Nous publions ci-dessous la traduction de ce dernier article du courageux cardinal Zen, réalisée par le blogue Diakonos qui publie, notamment, les traductions en français des posts de Sandro Magister, et nous le remercions de nous en avoir donné l’autorisation. R.C.

*

Certaines personnes qui me veulent du bien m’ont conseillé de prier plus et de parler moins. Il est juste de prier plus, parce que le Seigneur est notre espérance et que nous avons confiance en l’intercession de la Vierge Marie, la Mère de Dieu.

On m’a probablement conseillé cela par peur qu’en parlant trop, je risque d’être plus facilement attaqué. Mais je n’ai pas peur, pour autant que mes paroles soient justes et utiles.  À mon âge [86 ans], peu m’importe de gagner ou de perdre.

Je veux parler encore parce que j’ai le sentiment que bientôt, je ne pourrai plus parler. C’est pourquoi je vous demande pardon.
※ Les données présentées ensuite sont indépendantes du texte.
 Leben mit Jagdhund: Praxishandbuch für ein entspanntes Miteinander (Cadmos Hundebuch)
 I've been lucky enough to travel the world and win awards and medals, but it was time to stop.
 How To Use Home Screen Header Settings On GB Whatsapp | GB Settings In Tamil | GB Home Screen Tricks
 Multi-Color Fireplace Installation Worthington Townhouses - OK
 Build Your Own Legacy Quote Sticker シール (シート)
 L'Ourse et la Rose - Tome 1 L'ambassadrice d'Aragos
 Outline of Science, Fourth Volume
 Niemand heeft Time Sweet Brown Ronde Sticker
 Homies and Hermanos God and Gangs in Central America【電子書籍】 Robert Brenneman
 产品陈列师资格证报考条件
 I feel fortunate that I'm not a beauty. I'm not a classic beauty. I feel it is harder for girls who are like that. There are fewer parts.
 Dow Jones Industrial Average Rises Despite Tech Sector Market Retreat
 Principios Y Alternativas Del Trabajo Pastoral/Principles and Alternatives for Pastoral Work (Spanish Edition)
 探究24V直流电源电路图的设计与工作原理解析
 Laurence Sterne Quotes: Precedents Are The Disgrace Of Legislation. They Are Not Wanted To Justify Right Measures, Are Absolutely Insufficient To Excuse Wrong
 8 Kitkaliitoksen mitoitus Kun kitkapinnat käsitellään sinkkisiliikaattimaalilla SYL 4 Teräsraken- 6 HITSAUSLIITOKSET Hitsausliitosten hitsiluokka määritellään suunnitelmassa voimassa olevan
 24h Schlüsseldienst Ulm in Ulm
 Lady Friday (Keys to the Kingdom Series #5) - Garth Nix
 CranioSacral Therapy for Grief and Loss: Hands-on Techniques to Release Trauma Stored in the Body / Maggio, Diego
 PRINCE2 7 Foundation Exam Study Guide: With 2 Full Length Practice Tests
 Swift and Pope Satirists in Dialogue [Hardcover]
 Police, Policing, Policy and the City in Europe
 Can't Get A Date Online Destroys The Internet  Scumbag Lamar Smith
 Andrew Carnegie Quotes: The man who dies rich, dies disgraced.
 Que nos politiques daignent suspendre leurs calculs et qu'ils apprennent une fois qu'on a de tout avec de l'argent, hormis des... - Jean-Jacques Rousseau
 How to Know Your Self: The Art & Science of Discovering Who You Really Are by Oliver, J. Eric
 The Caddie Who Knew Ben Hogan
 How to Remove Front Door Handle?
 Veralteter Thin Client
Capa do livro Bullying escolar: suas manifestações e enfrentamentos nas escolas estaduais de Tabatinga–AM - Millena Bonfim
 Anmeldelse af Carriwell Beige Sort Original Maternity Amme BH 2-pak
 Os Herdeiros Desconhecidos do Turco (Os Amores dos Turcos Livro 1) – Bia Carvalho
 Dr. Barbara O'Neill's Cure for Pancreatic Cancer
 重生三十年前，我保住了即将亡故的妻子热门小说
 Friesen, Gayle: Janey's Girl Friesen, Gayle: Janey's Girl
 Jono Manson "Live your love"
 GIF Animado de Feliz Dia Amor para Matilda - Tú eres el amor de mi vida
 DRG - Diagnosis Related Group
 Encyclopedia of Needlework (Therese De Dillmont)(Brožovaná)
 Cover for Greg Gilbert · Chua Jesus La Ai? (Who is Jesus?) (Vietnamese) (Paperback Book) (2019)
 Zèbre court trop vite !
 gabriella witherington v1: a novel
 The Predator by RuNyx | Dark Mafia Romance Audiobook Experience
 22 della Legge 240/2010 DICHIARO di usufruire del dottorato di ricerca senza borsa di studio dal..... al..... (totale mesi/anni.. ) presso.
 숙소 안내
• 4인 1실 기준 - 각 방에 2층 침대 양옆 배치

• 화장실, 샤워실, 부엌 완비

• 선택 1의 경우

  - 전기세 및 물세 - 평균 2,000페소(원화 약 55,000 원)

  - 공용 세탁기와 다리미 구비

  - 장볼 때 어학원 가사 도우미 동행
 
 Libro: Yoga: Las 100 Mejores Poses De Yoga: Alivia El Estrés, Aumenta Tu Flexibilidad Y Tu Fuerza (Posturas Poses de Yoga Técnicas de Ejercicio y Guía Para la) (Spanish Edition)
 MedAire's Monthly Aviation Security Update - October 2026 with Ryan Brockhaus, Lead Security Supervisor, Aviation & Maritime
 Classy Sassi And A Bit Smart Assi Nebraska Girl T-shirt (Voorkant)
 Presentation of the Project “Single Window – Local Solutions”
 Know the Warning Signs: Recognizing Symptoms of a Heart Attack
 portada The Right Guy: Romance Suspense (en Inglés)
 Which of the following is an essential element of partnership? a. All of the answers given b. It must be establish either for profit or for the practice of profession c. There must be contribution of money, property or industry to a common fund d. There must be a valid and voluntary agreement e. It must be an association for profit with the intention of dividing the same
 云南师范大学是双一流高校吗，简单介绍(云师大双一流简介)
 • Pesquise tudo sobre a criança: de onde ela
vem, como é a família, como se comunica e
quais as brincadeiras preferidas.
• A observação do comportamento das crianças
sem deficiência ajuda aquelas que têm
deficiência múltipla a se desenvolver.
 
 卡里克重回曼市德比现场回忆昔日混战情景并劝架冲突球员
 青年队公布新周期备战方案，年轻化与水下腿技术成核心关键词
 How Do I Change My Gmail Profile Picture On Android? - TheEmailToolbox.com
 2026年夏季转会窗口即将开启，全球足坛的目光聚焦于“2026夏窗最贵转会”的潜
  1. Dans la lecture de la messe de ce dimanche, Job doit endurer la longue nuit de la souffrance et il se lamente de ne plus voir le bonheur de ses yeux. Mais le psaume 146 nous invite à louer le seigneur qui guérit les cœurs brisés. Ces derniers jours, les frères et les sœurs qui vivent sur le continent chinois ont appris que le Vatican est sur le point de se rendre au parti communiste chinois et ils se sentent donc mal à l’aise. Vu que les évêques illégitimes et excommuniés seront légitimés tandis que ceux qui sont légitimes seront contraints à se retirer, il est logique que les évêques légitimes et clandestins s’inquiètent du sort qui les attend.  Combien de nuits de souffrance les prêtres et les laïcs endureront-ils à la pensée de devoir s’incliner et d’obéir à ces évêques qui sont aujourd’hui illégitimes et excommuniés mais qui demain seront légitimés par le Saint-Siège, avec l’appui du gouvernement ?  D’autant que le désastre a déjà commencé aujourd’hui, sans attendre demain.  Depuis le 1 février, les nouvelles lois du gouvernement sur les activités religieuses sont entrées en vigueur.  Les prêtres clandestins de Shanghai ont demandé à leurs fidèles de ne plus se rendre à leurs messes sous peine d’être arrêtés s’ils persistaient à le faire !  Mais n’ayez pas peur car le Seigneur guérit les cœurs brisés.
  2. Le secrétaire d’État du Saint-Siège a déclaré que « nous connaissons les souffrances endurées hier et aujourd’hui par les frères et les sœurs chinois ». Mais cet homme de peu de foi sait-il ce qu’est une véritable souffrance ? Les frères et les sœurs du continent chinois n’ont pas peur d’être réduits à la pauvreté, d’être mis en prison, de verser leur sang, leur plus grande souffrance est de constater qu’ils sont trahis par les « membres de leur famille ». L’interview de Parolin est truffée d’opinions erronées (en espérant que ses discours soient cohérents avec ses pensées).  Il est indécent de la part d’un haut dirigeant du Saint-Siège de manipuler la lettre [aux catholiques chinois] d’un pape, même s’il s’est retiré, en citant la phrase (4.7) : « la solution des problèmes existants ne peut être recherchée à travers un conflit permanent avec les Autorités civiles légitimes » tout en dissimulant le fait que la lettre poursuit immédiatement en affirmant que « dans le même temps, une complaisance envers ces mêmes Autorités n’est cependant pas acceptable quand ces dernières interfèrent de manière indue dans des matières qui concernent la foi et la discipline de l’Église. »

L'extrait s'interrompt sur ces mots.